From the entries that follow, report every line in which "Exterior" occurs.

══ MATERIAL FOR THE TASK ══

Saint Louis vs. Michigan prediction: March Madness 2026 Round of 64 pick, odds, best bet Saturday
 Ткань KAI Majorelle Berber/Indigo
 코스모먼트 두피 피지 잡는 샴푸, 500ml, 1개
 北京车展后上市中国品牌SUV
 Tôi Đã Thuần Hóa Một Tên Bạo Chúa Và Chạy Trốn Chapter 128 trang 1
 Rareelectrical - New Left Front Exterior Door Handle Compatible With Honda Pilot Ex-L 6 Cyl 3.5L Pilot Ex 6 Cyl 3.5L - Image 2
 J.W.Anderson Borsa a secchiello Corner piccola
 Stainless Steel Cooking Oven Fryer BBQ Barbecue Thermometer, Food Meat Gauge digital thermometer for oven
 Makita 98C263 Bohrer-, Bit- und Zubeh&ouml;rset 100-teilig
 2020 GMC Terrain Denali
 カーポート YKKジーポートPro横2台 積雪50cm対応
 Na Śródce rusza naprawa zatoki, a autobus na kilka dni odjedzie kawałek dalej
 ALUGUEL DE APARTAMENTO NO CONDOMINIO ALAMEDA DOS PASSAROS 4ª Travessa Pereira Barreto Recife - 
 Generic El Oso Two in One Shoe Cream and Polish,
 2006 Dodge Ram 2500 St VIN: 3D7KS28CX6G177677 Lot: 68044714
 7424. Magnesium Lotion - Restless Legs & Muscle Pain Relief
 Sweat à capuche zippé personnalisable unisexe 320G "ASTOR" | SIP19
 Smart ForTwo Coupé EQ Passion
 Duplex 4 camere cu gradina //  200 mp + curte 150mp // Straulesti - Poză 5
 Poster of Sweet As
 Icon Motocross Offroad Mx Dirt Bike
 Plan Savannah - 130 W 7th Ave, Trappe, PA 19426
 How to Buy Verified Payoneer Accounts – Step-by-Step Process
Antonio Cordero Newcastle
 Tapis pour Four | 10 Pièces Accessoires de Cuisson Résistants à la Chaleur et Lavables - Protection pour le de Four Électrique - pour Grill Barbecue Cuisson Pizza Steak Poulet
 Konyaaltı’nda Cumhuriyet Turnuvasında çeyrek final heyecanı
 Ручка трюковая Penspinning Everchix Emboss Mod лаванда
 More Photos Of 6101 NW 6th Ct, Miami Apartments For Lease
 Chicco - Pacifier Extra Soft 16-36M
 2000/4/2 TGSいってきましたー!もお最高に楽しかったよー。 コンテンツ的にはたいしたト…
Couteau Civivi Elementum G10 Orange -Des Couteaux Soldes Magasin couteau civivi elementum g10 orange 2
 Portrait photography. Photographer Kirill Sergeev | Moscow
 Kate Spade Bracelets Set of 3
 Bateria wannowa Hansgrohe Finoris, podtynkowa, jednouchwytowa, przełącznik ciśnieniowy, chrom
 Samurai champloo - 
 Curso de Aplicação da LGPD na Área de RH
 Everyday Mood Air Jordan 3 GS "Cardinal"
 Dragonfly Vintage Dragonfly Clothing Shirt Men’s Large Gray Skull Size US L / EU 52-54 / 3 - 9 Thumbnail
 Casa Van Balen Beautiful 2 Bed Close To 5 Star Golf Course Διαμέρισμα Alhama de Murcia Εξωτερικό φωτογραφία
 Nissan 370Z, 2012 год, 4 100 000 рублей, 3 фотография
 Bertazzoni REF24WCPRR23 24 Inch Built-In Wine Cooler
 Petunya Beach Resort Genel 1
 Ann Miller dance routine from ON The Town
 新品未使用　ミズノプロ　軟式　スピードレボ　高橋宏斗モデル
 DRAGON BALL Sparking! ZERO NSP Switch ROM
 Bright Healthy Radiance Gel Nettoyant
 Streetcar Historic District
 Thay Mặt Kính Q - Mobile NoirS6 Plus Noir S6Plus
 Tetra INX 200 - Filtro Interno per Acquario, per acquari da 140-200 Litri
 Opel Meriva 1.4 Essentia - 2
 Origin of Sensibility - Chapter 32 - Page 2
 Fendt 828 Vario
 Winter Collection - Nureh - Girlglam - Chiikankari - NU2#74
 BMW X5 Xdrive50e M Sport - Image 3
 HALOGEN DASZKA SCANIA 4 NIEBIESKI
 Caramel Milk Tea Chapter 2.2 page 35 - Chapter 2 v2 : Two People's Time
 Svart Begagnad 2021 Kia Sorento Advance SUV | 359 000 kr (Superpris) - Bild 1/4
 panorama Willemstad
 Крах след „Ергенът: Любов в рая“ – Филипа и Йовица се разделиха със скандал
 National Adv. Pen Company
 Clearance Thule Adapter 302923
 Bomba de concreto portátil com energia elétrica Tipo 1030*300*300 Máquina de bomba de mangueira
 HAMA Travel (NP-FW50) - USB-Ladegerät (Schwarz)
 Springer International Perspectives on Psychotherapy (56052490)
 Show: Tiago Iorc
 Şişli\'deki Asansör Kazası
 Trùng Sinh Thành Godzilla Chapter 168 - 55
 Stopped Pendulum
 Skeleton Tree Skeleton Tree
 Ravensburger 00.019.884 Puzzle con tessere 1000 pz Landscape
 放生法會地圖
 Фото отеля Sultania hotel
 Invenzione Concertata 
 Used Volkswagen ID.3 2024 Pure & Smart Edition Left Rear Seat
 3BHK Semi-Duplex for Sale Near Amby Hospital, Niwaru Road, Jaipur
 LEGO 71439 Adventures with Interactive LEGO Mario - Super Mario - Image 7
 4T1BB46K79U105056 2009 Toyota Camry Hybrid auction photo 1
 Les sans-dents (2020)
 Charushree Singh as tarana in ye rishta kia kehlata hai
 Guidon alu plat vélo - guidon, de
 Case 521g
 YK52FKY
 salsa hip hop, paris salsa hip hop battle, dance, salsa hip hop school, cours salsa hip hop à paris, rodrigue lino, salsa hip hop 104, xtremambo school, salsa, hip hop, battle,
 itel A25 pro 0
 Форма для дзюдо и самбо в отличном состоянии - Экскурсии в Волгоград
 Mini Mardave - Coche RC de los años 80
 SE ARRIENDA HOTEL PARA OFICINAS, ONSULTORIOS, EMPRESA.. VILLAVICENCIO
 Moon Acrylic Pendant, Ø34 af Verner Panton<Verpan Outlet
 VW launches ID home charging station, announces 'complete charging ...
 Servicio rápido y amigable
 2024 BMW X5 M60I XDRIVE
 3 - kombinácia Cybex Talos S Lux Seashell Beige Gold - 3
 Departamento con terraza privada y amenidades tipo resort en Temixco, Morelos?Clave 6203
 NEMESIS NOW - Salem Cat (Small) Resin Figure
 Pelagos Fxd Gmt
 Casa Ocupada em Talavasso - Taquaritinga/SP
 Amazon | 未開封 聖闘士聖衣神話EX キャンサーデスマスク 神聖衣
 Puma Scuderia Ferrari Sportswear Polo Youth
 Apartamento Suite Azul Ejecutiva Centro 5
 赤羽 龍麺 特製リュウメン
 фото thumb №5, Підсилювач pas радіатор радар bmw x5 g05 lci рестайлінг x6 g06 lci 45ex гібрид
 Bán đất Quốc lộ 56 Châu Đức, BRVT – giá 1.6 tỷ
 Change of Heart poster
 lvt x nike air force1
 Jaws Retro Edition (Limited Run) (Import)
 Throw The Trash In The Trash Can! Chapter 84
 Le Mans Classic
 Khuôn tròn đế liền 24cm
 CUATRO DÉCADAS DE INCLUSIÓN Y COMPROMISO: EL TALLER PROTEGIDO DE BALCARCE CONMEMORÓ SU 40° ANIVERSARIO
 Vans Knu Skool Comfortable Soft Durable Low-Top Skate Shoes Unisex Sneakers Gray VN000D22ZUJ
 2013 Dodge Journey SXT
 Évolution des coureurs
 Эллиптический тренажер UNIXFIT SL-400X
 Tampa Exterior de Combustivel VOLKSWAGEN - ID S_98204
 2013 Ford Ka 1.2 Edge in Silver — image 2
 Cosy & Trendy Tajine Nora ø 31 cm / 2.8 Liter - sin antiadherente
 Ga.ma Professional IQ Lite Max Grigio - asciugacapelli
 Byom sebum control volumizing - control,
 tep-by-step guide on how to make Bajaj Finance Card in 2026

═══

- _TASK RESPONSE_
 Rareelectrical - New Left Front Exterior Door Handle Compatible With Honda Pilot Ex-L 6 Cyl 3.5L Pilot Ex 6 Cyl 3.5L - Image 2
 Tampa Exterior de Combustivel VOLKSWAGEN - ID S_98204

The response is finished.